Coroa africana nas mãos de Albertina Costa
O turbante faz parte da cultura africana, embora que nunca esteve aceso em desfiles de moda, ou ainda nas opções de muitas mulheres, este acessório é sem sombra de dúvida uma identidade cultural.

Muito mais do que um simples pedaço de pano, o turbante tem uma história riquíssima. Além de ser uma cultura para o povo do oriente, o turbante também faz parte da cultura africana, e em Angola já se vê em alguns desfiles de moda. Isto porque, Albertina Costa, super talentosa, fez com que os turbantes voltassem a ganhar cores na nossa sociedade.

Com estilo próprio, as suas criações trazem de volta o uso de lenços na cabeça de mulheres e homens, o que muito não se via na sociedade angolana, principalmente das jovens. Sua capacidade inovadora fez do uso dos turbantes o melhor da moda do momento.

Albertina Costa confessa que nunca teve uma formação na área, apenas tudo começou quando a sua mãe fê-la um turbante para ir à uma actividade na escola onde a sua irmã estudava. 

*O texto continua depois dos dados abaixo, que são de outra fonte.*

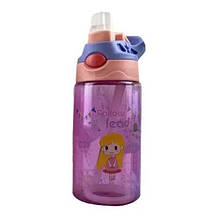 Пляшка дитяча Baby bottle LB 400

Segundo ela, diz que os elogios foram tantos, ao regressar à casa não deixou de elogiar o trabalho feito pela mãe, e decidiu continuar usar turbantes e foi ali que começou, a descoberta da sua carreira artística como criadora e amarradora de turbantes.

Este acessório prático, moderno, descolado, glamoroso, simples e chique é capaz de realçar a beleza feminina em todos níveis, bem como pode ser usada em todas as ocasiões e combina com qualquer tipo de roupa. 

“Com as minhas criações consigo desviar olhar das pessoas nos locais por onde passo e até mesmo nas redes sociais, isso me torna uma mulher especial. Apesar de algumas mulheres não levarem muito a sério este trabalho, sinto-me bem porque tenho recebido muitos elogios e tenho apresentado a minha arte de turbantes nas cadeias televisivas do país,” conta.

Em Angola, o uso deste acessório fez sempre parte da cultura, e nas outras comunidades fazem parte da indumentária complementando o conjunto. Hoje já se vê também homens a utilizarem este acessório, uns devido a religião e outros por estar na moda.

“Os homens também podem usar turbante, o que diferencia é ao casião. O momento em que não devemos usar turbante é quando estamos em casa, ”fez saber.

Quanto ao uso do turbante nas outras fronteiras, Albertina tem aprimorado seus conhecimentos pelo que dá a conhecer, ‘’o turbante também é o principal símbolo da fé Sikh, religião monoteísta indiana. Nela os homens e mulheres não devem cortar os cabelos e sim utilizar os turbantes para envolvê-los. E no dia mundial do turbante (13 de Abril) os homens Sikh exibem seus exuberantes turbantes com orgulho e como exemplo para as novas gerações para que o hábito e a religião não se percam.’’

A criatividade é o forte de Albertina Costa, ao contrário de muitas, Albertina trabalha com qualquer lenço para fazer o turbante, pelo que diz ‘’basta ter técnica e saber como aplica-las, apesar de utilizar mais tecidos vindo do ocidente também uso tecidos africanos e por vezes faço aquele contraste intercalo as cores, basta ter muita criatividade.”

Mostrar ao mundo a sua obra é o grande sonho de Albertina, ‘’hoje olho para o que faço e vejo que tenho muito pela frente, e sei que um dia vou poder levar o meu trabalho além fronteiras. Eu tenho a esperança e creio em Deus que isso não esta longe de acontecer.”

Albertina Costa tem dado formação ao domicílio, e tem sido apoiada por um grupo de jovens denominada ‘’Lencista’’ na qual a mesma é mentora.

 Nos dias 5 e 6 do corrente mês, Albertina Costa, dará formação sobre o uso dos turbantes, onde vai ensinar vários truques para amarrações de turbantes.